Analog

Monica Rico

I don't dream I'm nature's
dusty sun. Often, I first
look out a window and I'm certain of the green
blanket of land I've tried to sleep on twice. Is
this separation of body and breath what makes gold
shift hands, decorate a rocket, her
exterior a recording— the soundtrack to humanity or at its hardest,
graffiti of a man and a woman. The sketch and hue
of their simple shapes another dark line to attach meaning to,
a set of advantageous languages to hold
or die. Two humans blessedly indistinguishable, except for the eye of her
belly, a spiral of cells held in gestation too early
to contend with gravity or the pause of a leaf
suspended, before returning into itself. When is
the complaint of my form more than a
voyage of vice I capture like a ripe flower
on the verge of tumbling toward earth, but
not forever like the swift reel of memory. Only
once is the slip, made easy under so
much rain. A collection of will. An
income measured by legend instead of the hour
I began to coat the walls with every last dove than
the equation for photosynthesis trapped in a leaf.
The quick tug of silence subsides
from articulation of pulse. Always better to
start over than to never start again
said the leaf
near the oblivion of a collapsing red giant, so 
depleted of its hydrogen it decided to Eden 
itself— a late happy birthday and the candles sank
into the knees of the cake. To
start singing would be ridiculous. A party of grief
could easily crush a hotel of a brain, so
eager to book each guest and kick them out at dawn.

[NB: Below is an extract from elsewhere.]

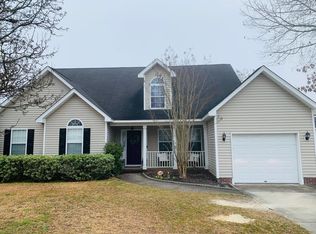 203 Ashley Crest Dr, Columbia, SC 29229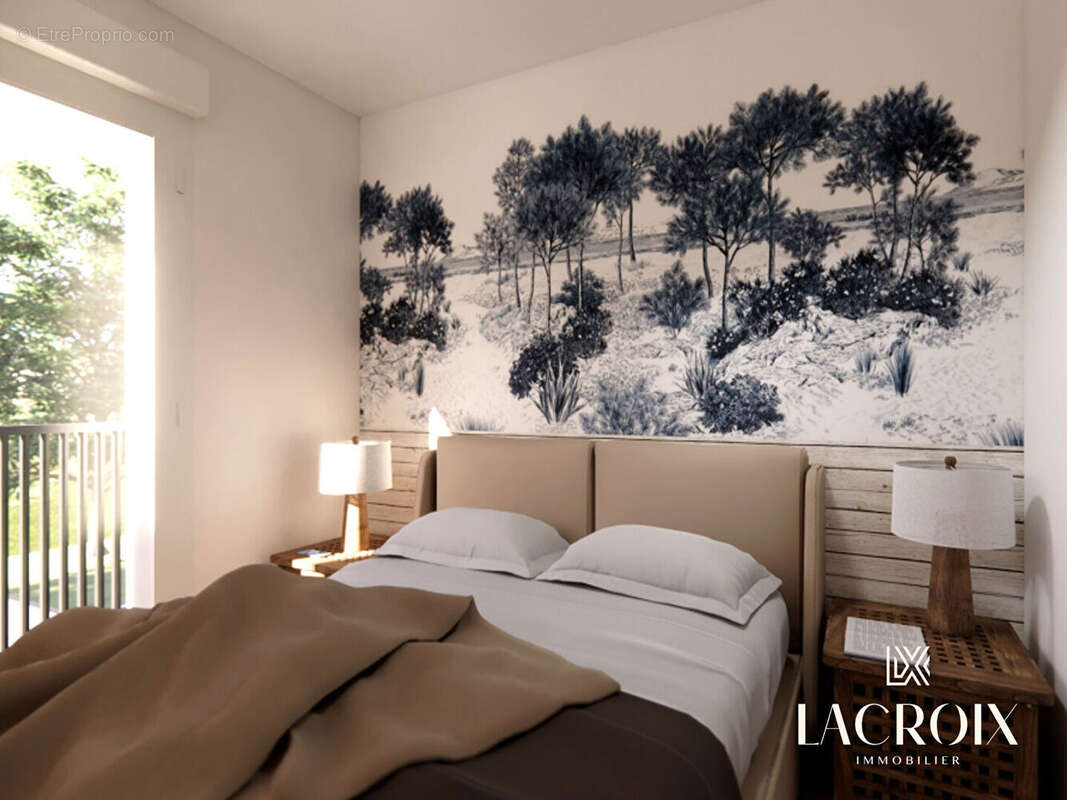 Appartement à CANCALE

I wouldn't know what to pack. Nothing goes
with gamma rays, each wave a splash down
in a dream with too much spark to close my eyes to.
I don't like how the planet rotates and shortens the day
I keep waking up earlier, nothing
but a screech owl to distinguish between night and morning. The fall of gold
butter in craters of sourdough keep me alive today, and I can
begin to understand why I want to stay.